EXERCISE AIM ->
Each entry must be given again exactly as it appears, with images excluded.

MATERIAL SHOWN ->
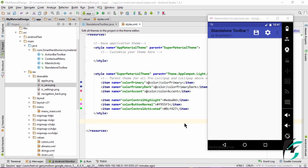Welcome back to our Android programming tutorial series on Toolbar. In this video, we will be learning about customizing our Toolbar and the Overflow menu. We already know that the Toolbar was introduced with the Android Material Design, and hence it is used to make our app more beautiful, attractive, and user friendly. So let's begin customizing our Toolbar.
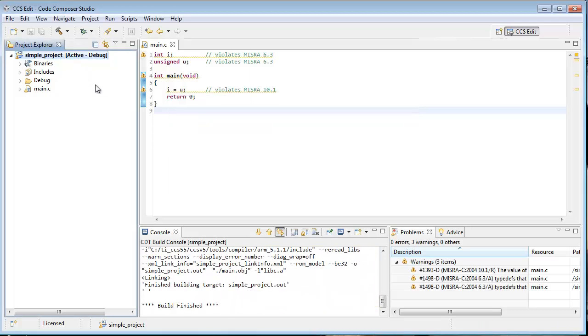And here we have it. As designed by this carefully crafted source, we violated some of the MISRA rules.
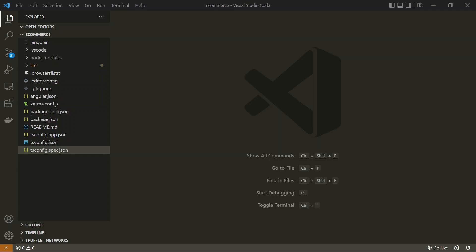Services are mostly used to share data between different components. Let's say we have two components in different modules that are far apart — not immediate parent or child to each other. In a situation with a 10-level parent-child hierarchy, instead of passing data through each level, we can create a service as a separate entity, import it in both components, and pass the data through it.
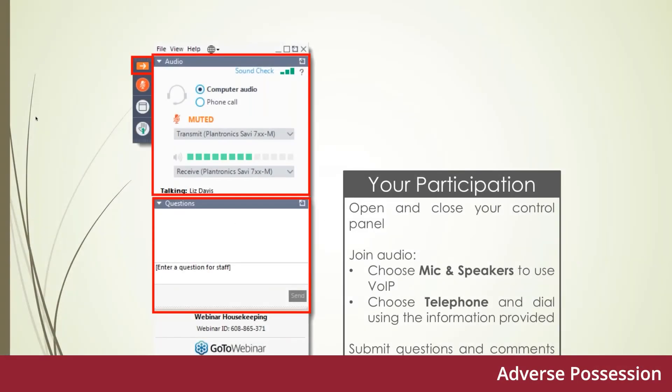Good morning everyone, and thank you for joining us once again for today's session. Today we're going to be looking at adverse possession and the implications for residential conveyances. I'm delighted to be joined, as always, by Ian Quail and my colleague Robert Kelly. Good morning to you both.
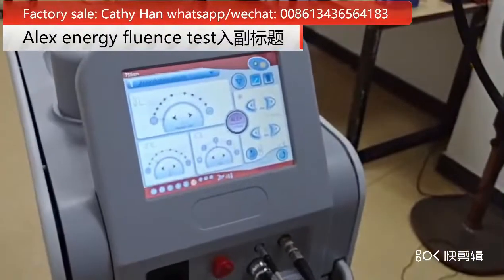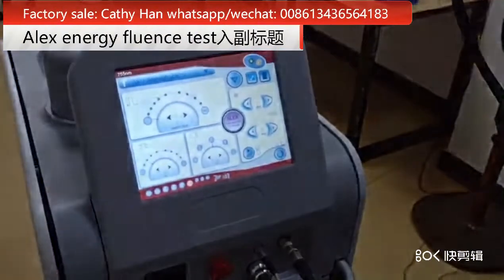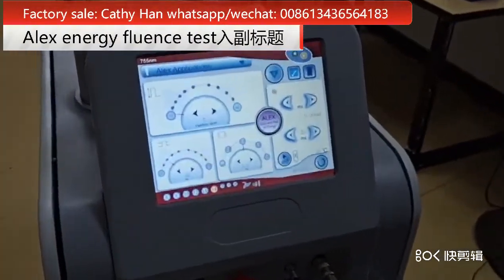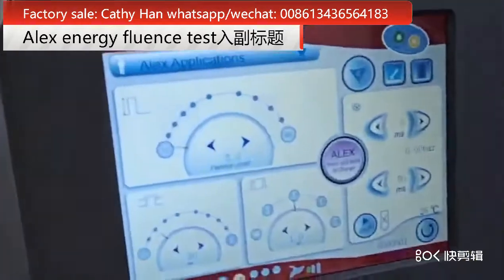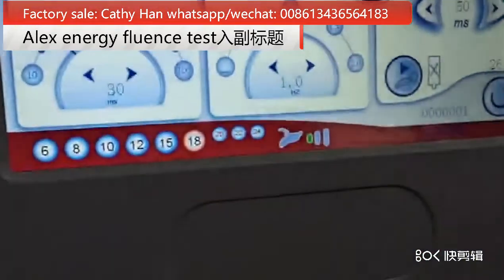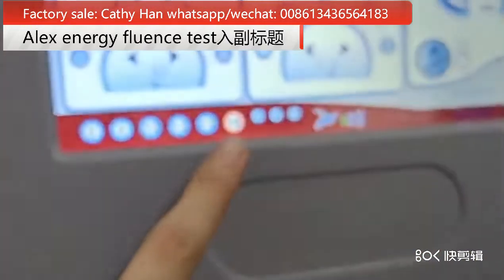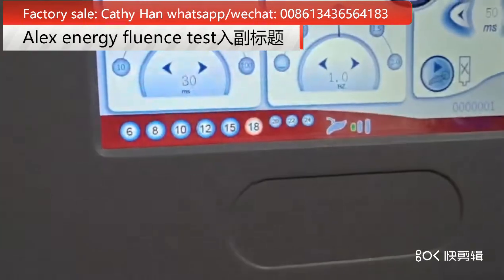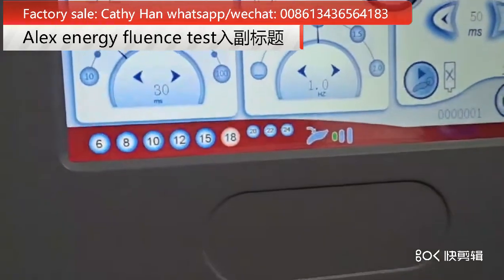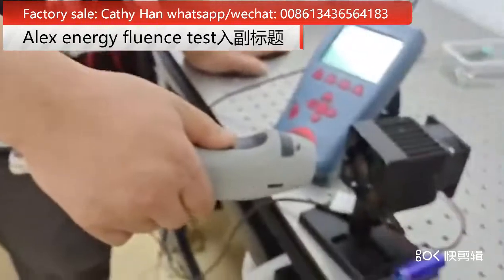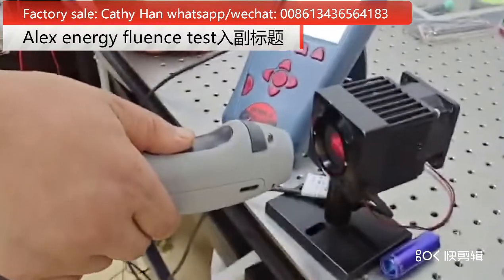Hello friends, now we will test the energy density for you. We can see the small size here is 18 millimeter and now we will test from here.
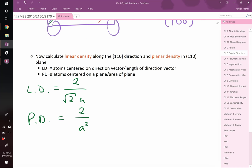Why do we care about linear and planar density? The plane with the highest planar density and the direction with the highest linear density is where you get slip — where atoms slide past one another. Understanding which planes are most densely packed and in what direction tells you how atoms will slide past each other when you apply a force. That's really important.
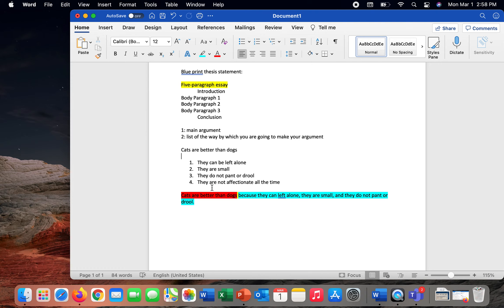Cats are also not affectionate all the time. So maybe you're someone who prefers to have a pet that you can pay attention to here and there, but doesn't meet you at the door, doesn't necessarily follow you around, sit in between you and your spouse. Are you guys getting that there's a storyline here? So that's my list of stuff.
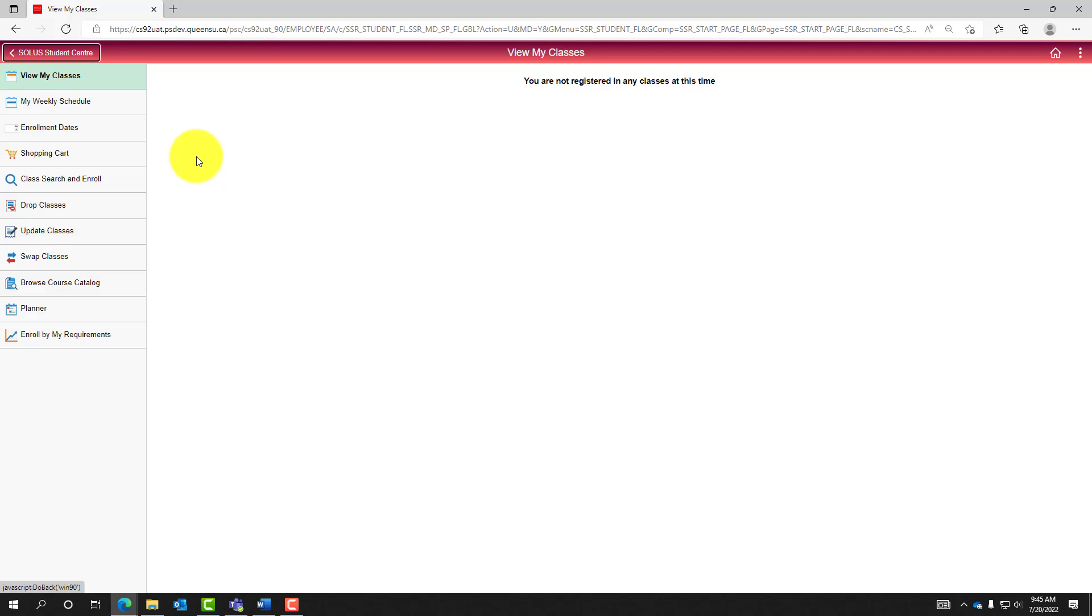The left navigation menu contains links to components within the Manage Classes tile of SOLAS Student Center. To begin enrollment in classes via the shopping cart, select the shopping cart navigation in the left menu.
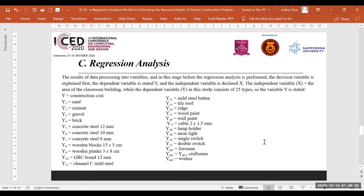The result of data processing defines the variables. Before regression analysis is performed, the dependent variable is the target y, and the independent variable is the target x. The independent variable x is the area of the classroom building. The dependent variable y consists of 25 variables, starting with y for construction cost, y1 for sand, y2, t1, and so on, up to 25 models.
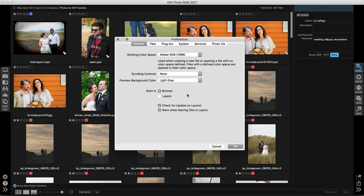You can also choose which program you start in. I like to start in browse so I can look for a photo, but some people like to launch right into layers to get to editing. So you can change that here.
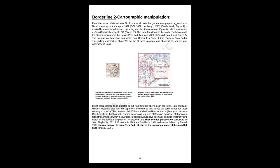Borderline 2: Cartographic Manipulation. From the maps published after 1819, one would see the gradual cartographic aggression to Nepal's territory. In the map of 1827, borderline 2 is marked by an unnamed stream originating from the Kuntis Range, which was named as Terragad in the map of 1879. This river flows towards the south, confluences with the stream coming from the Lipulek Pass, and then meets Kali at Gunji. The international borderline was shifted from border 1 to border 2, the course of Terragad. This shifting encroached about 238 square kilometers of Kali's upstream and about 50 square kilometers of Lipu's watershed of Nepal.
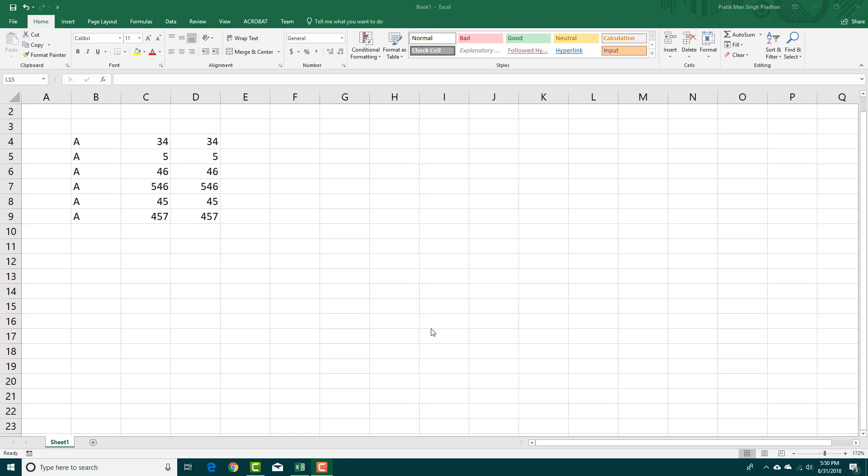In Excel, there's something called the status bar which helps you get the total, average, and other information right here. It is located at the bottom and says ready.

EXPECTED OUTPUT ->
Welcome back to our Android programming tutorial series on Toolbar. In this video, we will be learning about customizing our Toolbar and the Overflow menu. We already know that the Toolbar was introduced with the Android Material Design, and hence it is used to make our app more beautiful, attractive, and user friendly. So let's begin customizing our Toolbar.
And here we have it. As designed by this carefully crafted source, we violated some of the MISRA rules.
Services are mostly used to share data between different components. Let's say we have two components in different modules that are far apart — not immediate parent or child to each other. In a situation with a 10-level parent-child hierarchy, instead of passing data through each level, we can create a service as a separate entity, import it in both components, and pass the data through it.
Good morning everyone, and thank you for joining us once again for today's session. Today we're going to be looking at adverse possession and the implications for residential conveyances. I'm delighted to be joined, as always, by Ian Quail and my colleague Robert Kelly. Good morning to you both.
Hello friends, now we will test the energy density for you. We can see the small size here is 18 millimeter and now we will test from here.
Why do we care about linear and planar density? The plane with the highest planar density and the direction with the highest linear density is where you get slip — where atoms slide past one another. Understanding which planes are most densely packed and in what direction tells you how atoms will slide past each other when you apply a force. That's really important.
Cats are also not affectionate all the time. So maybe you're someone who prefers to have a pet that you can pay attention to here and there, but doesn't meet you at the door, doesn't necessarily follow you around, sit in between you and your spouse. Are you guys getting that there's a storyline here? So that's my list of stuff.
The left navigation menu contains links to components within the Manage Classes tile of SOLAS Student Center. To begin enrollment in classes via the shopping cart, select the shopping cart navigation in the left menu.
The result of data processing defines the variables. Before regression analysis is performed, the dependent variable is the target y, and the independent variable is the target x. The independent variable x is the area of the classroom building. The dependent variable y consists of 25 variables, starting with y for construction cost, y1 for sand, y2, t1, and so on, up to 25 models.
You can also choose which program you start in. I like to start in browse so I can look for a photo, but some people like to launch right into layers to get to editing. So you can change that here.
Borderline 2: Cartographic Manipulation. From the maps published after 1819, one would see the gradual cartographic aggression to Nepal's territory. In the map of 1827, borderline 2 is marked by an unnamed stream originating from the Kuntis Range, which was named as Terragad in the map of 1879. This river flows towards the south, confluences with the stream coming from the Lipulek Pass, and then meets Kali at Gunji. The international borderline was shifted from border 1 to border 2, the course of Terragad. This shifting encroached about 238 square kilometers of Kali's upstream and about 50 square kilometers of Lipu's watershed of Nepal.
In Excel, there's something called the status bar which helps you get the total, average, and other information right here. It is located at the bottom and says ready.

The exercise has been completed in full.